May God have mercy on us!
Séamus Ó Mathúna
Baile na Rátha, An Uaimh, An Mhí
Greens have failed to ease the despair of homelessness
It is obvious from the initial notes on the agreement to form a government that the new coalition has no intention of tackling the housing crisis in the only way it can be done – the State prioritising and implementing a programme of social house-building big enough to ensure every citizen can access a secure, adequate and decent place to live (‘From transport to education – what’s in the new Programme for Government, and what now?’, Irish Independent, June 15).
It is profoundly disappointing to see the Greens prepared to sit in government for five years and become benign onlookers as the misery caused by homelessness, and the threat of it, is allowed to persist.
It seems the pursuit of high office once again trumped any ambition to act on the common good.
Wind turbines generate a different type of problem
If the Greens are to hold sway with their base as members of government, a ban on gas exploration is a win. But it is a hollow win.
They should also seek divestment from wind energy turbines. Going after fossil fuel is easy. A harder, but more environmentally conscious effort would go after wind turbines too.
Not because of visual pollution, but because of real issues with turbine recycling and a reliance on landfills (there is more and more discussion on this coming out of the US and it was recently the subject of an investigation by Bloomberg Green – see ‘Wind turbines can’t be recycled’).
The Greens’ flaw is not that they’re right-wing, a foolish charge. Nor that they expose themselves through public bickering, something all parties do. A more serious flaw is their lack of ability to address difficult but important issues around the negative environmental impacts of wind energy.
You’d be forgiven for asking: “Where’s the beef?”
Frederick Lane North, Dublin 1
End of direct provision for asylum seekers welcome
I was delighted to see one of the elements to help get an agreement for a new government formation was to begin to see the end of the dreadful direct provision system for asylum seekers in this country.
Glenties, Co Donegal
Wage scheme needs to keep flying for key aviation sector
Economic activity has significantly contracted due to the public health emergency. Many sectors have been severely impacted, not least of which is the aviation sector, not only a huge source of employment but also a significant economic driver for the open economy that is Ireland.

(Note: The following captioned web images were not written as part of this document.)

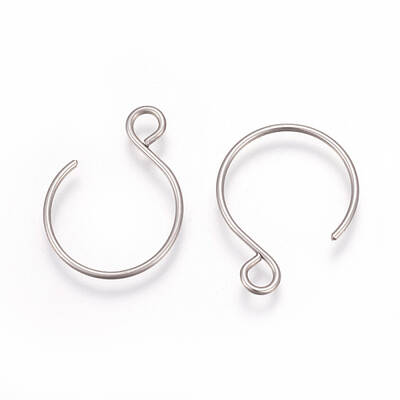 Tarnish Resistant 304 Stainless Steel Earring Hooks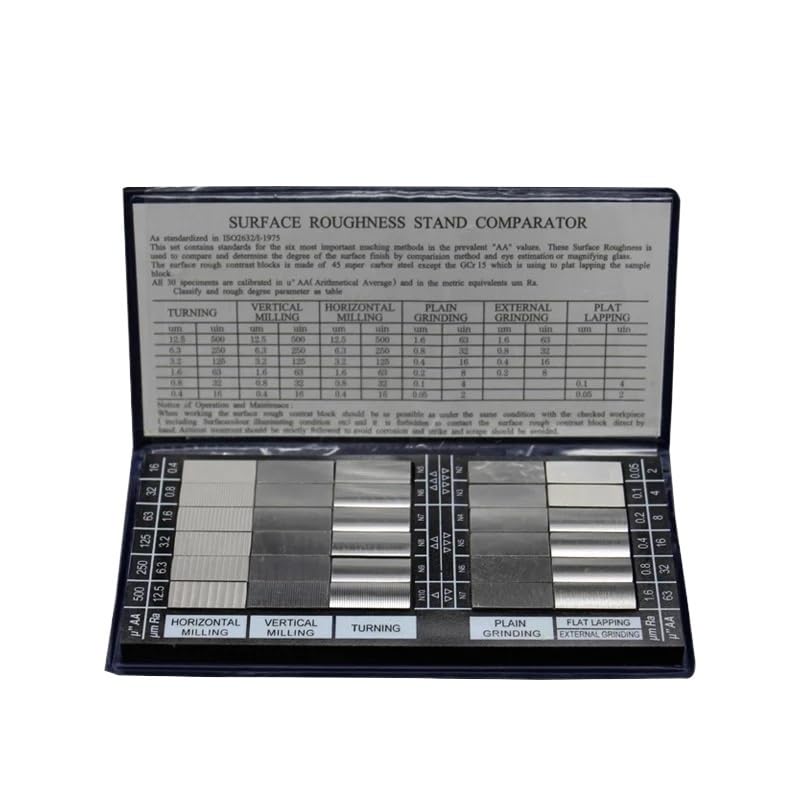30 Blocks Ra0.05-12.5mm Roughness Sample Block Surface Roughness Comparison Sample Block Notebook Sample(TypeB)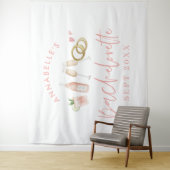 Tenture Tournée de célibataire moderne champagne fille ros (En situation)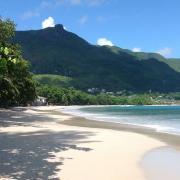 Beau Vallon Beach, Strand bij Mahe, Seychellen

As an island nation, connectivity is key and therefore strong air links and strong airlines need to be maintained and supported so green shoots of recovery can emerge when conditions allow.

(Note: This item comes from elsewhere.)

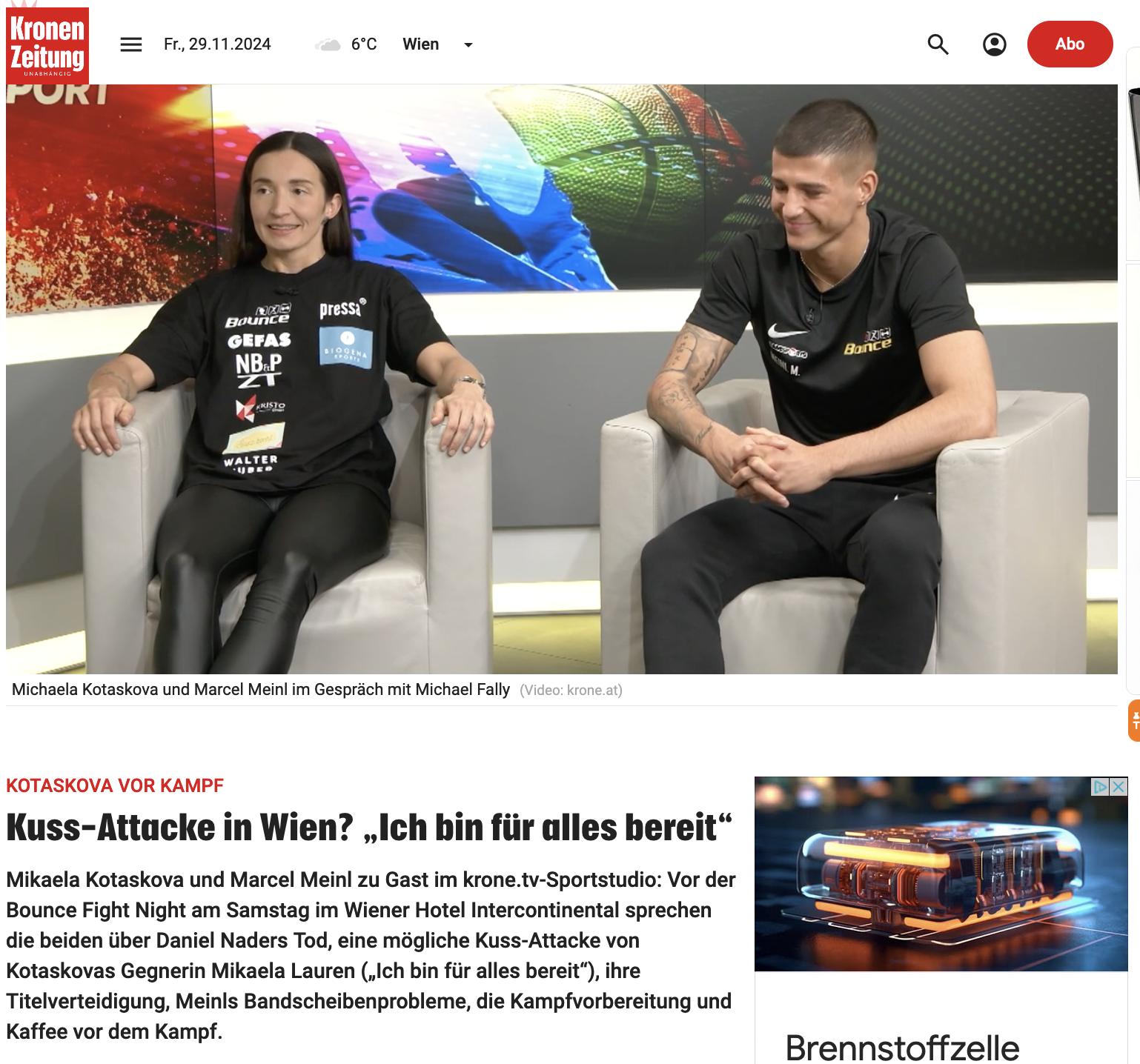 krone.at: Kuss-Attacke in Wien? „Ich bin für alles bereit“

The requirement to self-quarantine for 14 days upon arrival is having a detrimental effect on recovery plans for the airlines. Once restrictions are lifted it will take some time for them to recover.
Airlines are putting entire staff on short time to retain flexibility advantage should an upswing occur when restrictions are lifted and pent-up demand can be realised.
The Temporary Wage Subsidy Scheme will need to be extended for the sector so airlines and workers are supported at this time until recovery returns – but with the caveat that airlines do not use such schemes to caustically erode the working conditions of those workers.